**What is needed:**
Take the data below and write it out exactly, except for the pictures.

=== Begin Enclosure ===

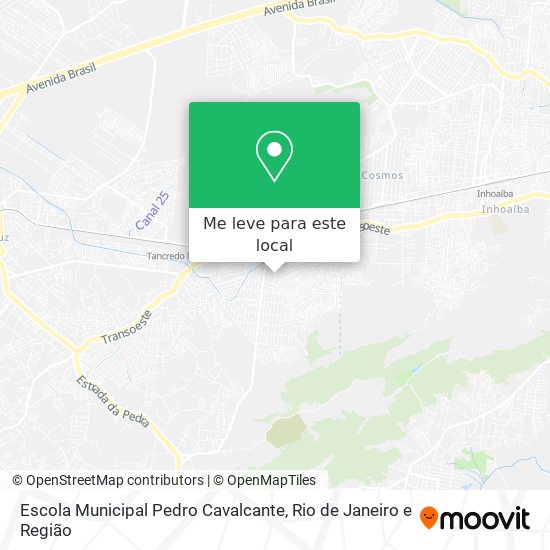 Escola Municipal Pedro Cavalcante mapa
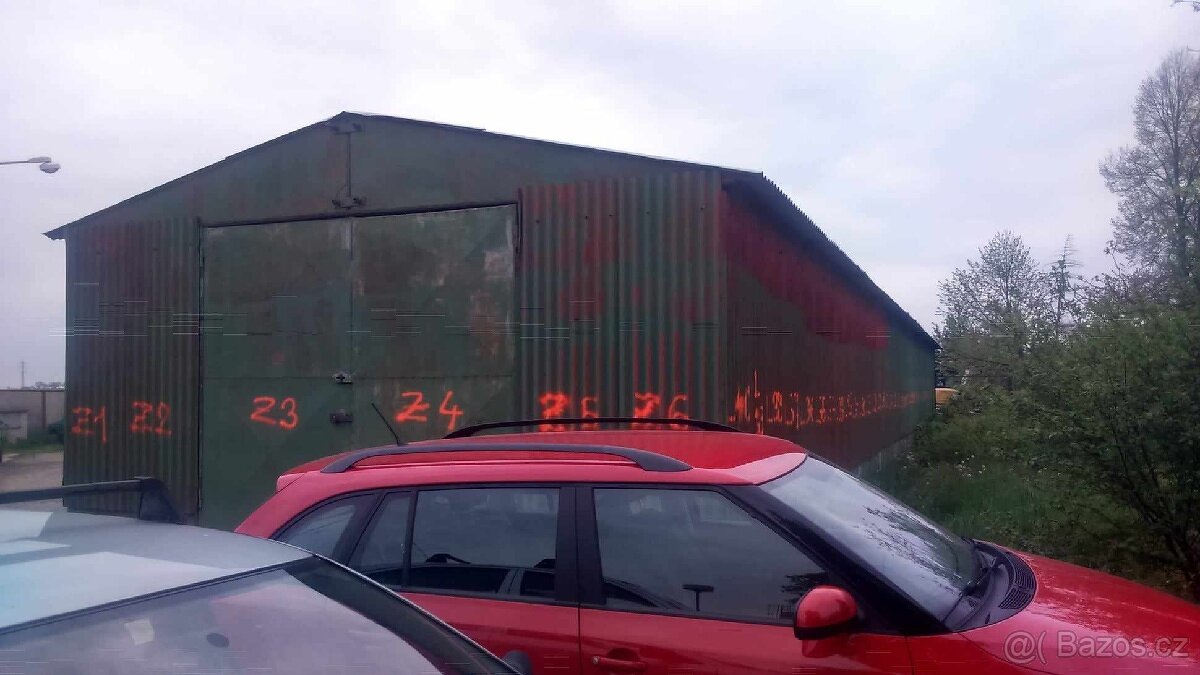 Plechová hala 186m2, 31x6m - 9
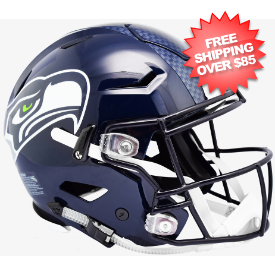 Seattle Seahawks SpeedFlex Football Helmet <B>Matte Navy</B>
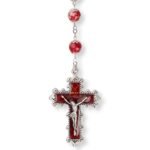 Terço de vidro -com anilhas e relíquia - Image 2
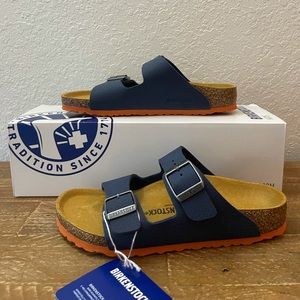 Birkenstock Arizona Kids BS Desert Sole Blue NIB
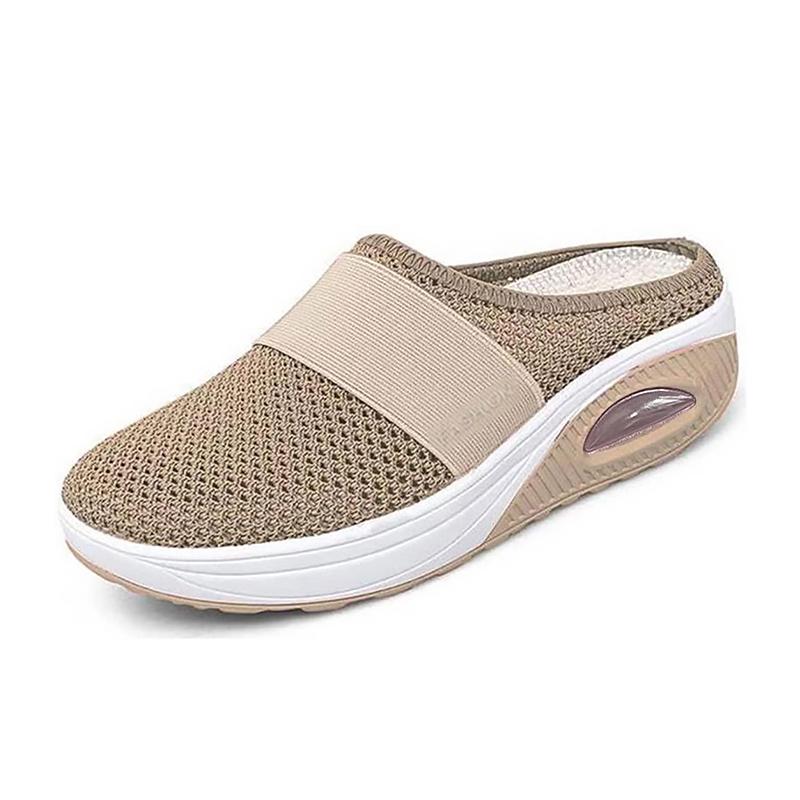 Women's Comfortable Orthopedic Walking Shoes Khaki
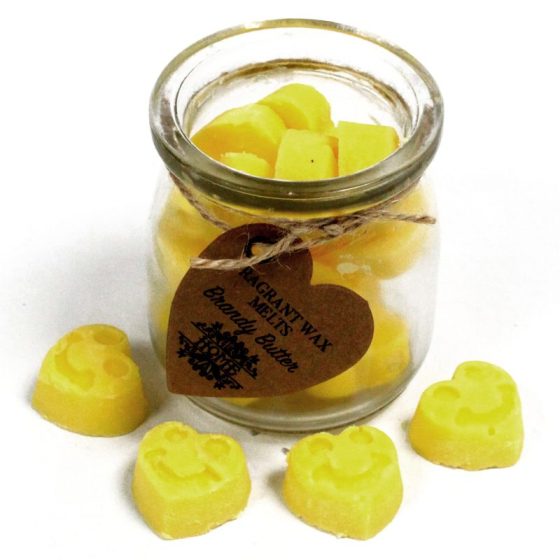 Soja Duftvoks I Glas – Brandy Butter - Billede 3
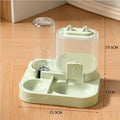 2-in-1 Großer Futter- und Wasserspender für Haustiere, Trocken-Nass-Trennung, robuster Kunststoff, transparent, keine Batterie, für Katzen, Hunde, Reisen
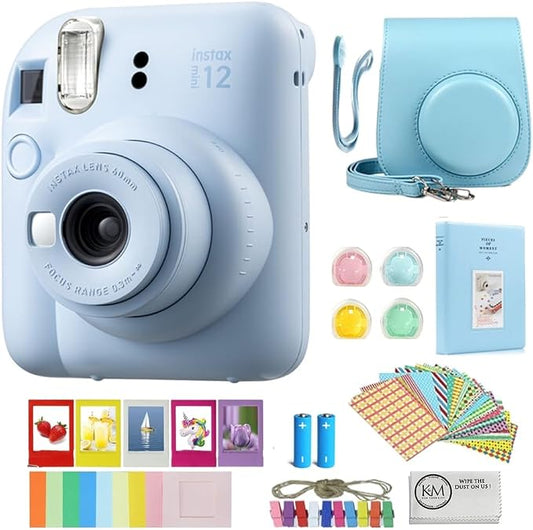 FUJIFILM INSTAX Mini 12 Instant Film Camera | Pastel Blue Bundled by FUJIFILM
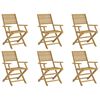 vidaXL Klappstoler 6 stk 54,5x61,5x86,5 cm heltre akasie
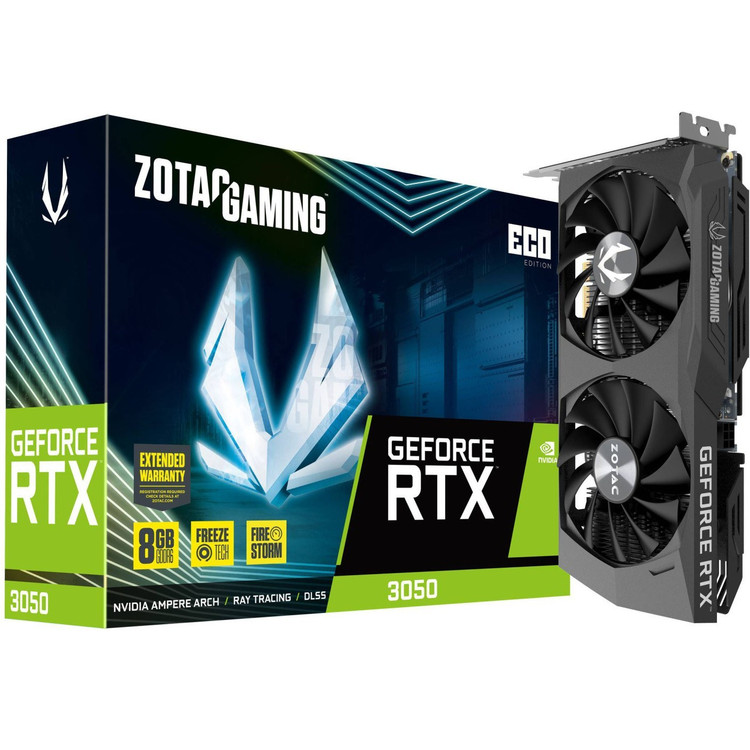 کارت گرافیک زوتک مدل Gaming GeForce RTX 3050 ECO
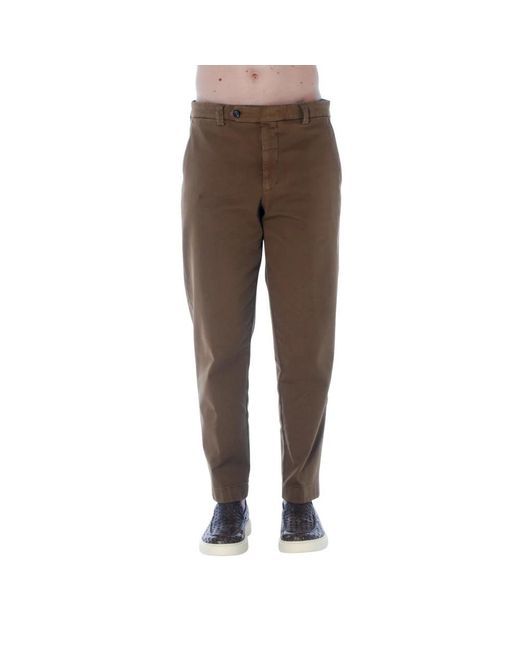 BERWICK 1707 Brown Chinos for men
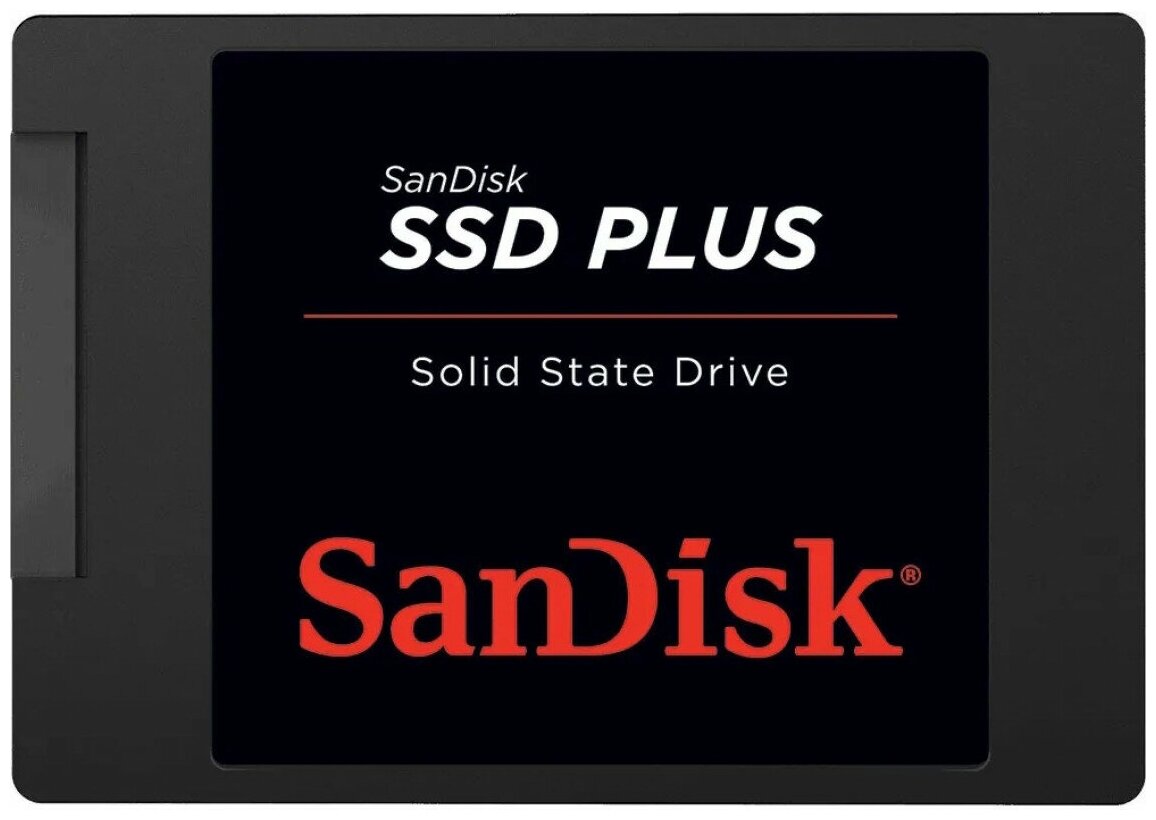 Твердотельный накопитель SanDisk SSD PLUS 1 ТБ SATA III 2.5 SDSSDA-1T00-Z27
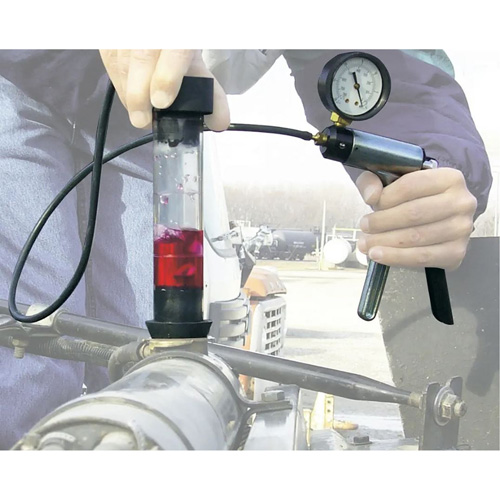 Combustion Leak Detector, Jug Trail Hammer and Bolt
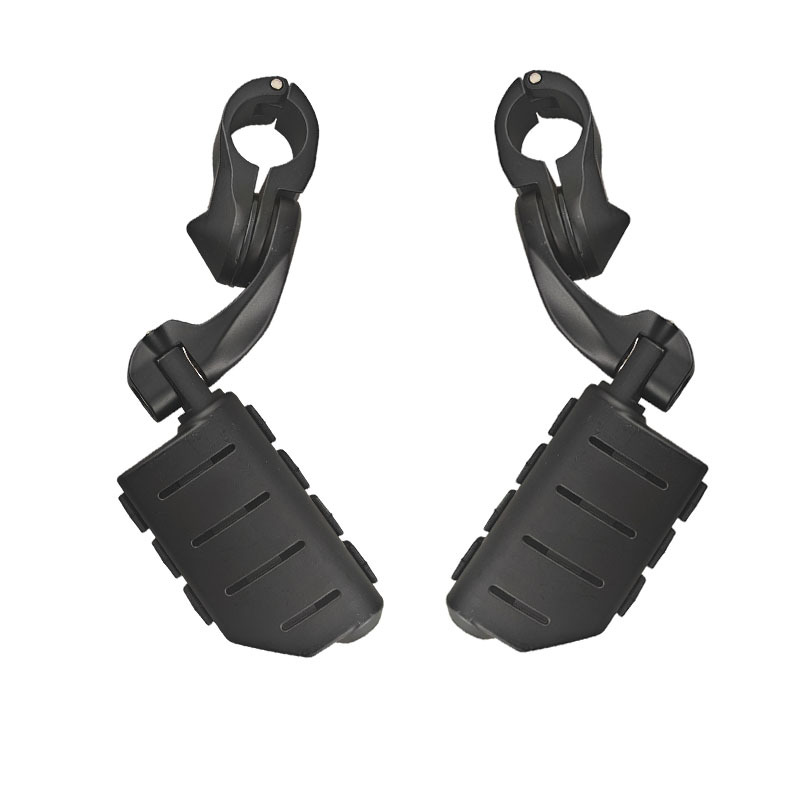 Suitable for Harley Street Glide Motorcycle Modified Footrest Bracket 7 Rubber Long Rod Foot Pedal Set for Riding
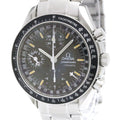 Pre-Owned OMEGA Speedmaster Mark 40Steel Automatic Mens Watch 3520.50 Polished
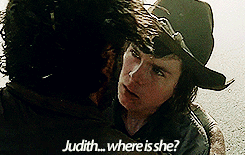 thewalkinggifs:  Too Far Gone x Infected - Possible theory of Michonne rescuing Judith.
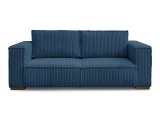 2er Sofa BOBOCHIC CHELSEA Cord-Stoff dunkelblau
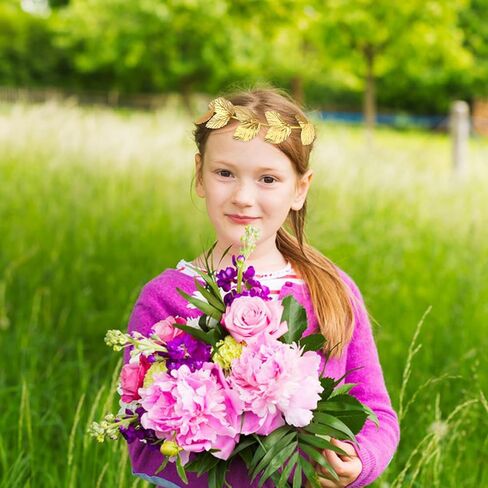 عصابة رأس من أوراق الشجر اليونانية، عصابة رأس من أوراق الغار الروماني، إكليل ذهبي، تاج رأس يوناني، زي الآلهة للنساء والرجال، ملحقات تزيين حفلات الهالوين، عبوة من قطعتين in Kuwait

=== End Enclosure ===

**Response area:**
 Escola Municipal Pedro Cavalcante mapa
 Plechová hala 186m2, 31x6m - 9
 Seattle Seahawks SpeedFlex Football Helmet <B>Matte Navy</B>
 Terço de vidro -com anilhas e relíquia - Image 2
 Birkenstock Arizona Kids BS Desert Sole Blue NIB
 Women's Comfortable Orthopedic Walking Shoes Khaki
 Soja Duftvoks I Glas – Brandy Butter - Billede 3
 2-in-1 Großer Futter- und Wasserspender für Haustiere, Trocken-Nass-Trennung, robuster Kunststoff, transparent, keine Batterie, für Katzen, Hunde, Reisen
 FUJIFILM INSTAX Mini 12 Instant Film Camera | Pastel Blue Bundled by FUJIFILM
 vidaXL Klappstoler 6 stk 54,5x61,5x86,5 cm heltre akasie
 کارت گرافیک زوتک مدل Gaming GeForce RTX 3050 ECO
 BERWICK 1707 Brown Chinos for men
 Твердотельный накопитель SanDisk SSD PLUS 1 ТБ SATA III 2.5 SDSSDA-1T00-Z27
 Combustion Leak Detector, Jug Trail Hammer and Bolt
 Suitable for Harley Street Glide Motorcycle Modified Footrest Bracket 7 Rubber Long Rod Foot Pedal Set for Riding
 Pre-Owned OMEGA Speedmaster Mark 40Steel Automatic Mens Watch 3520.50 Polished
 thewalkinggifs:  Too Far Gone x Infected - Possible theory of Michonne rescuing Judith.
 2er Sofa BOBOCHIC CHELSEA Cord-Stoff dunkelblau
 عصابة رأس من أوراق الشجر اليونانية، عصابة رأس من أوراق الغار الروماني، إكليل ذهبي، تاج رأس يوناني، زي الآلهة للنساء والرجال، ملحقات تزيين حفلات الهالوين، عبوة من قطعتين in Kuwait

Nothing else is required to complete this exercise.